• The problem
Lines before the one containing "Image for Dorchester : Images of England" are excluded; reproduce that line and all lines after it in the entries below, exactly.

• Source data
···

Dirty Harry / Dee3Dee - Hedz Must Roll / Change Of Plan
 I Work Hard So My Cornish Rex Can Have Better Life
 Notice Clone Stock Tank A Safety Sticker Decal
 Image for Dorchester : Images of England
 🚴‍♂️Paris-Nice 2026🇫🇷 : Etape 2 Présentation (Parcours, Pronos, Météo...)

···

• Answer space
 Image for Dorchester : Images of England
 🚴‍♂️Paris-Nice 2026🇫🇷 : Etape 2 Présentation (Parcours, Pronos, Météo...)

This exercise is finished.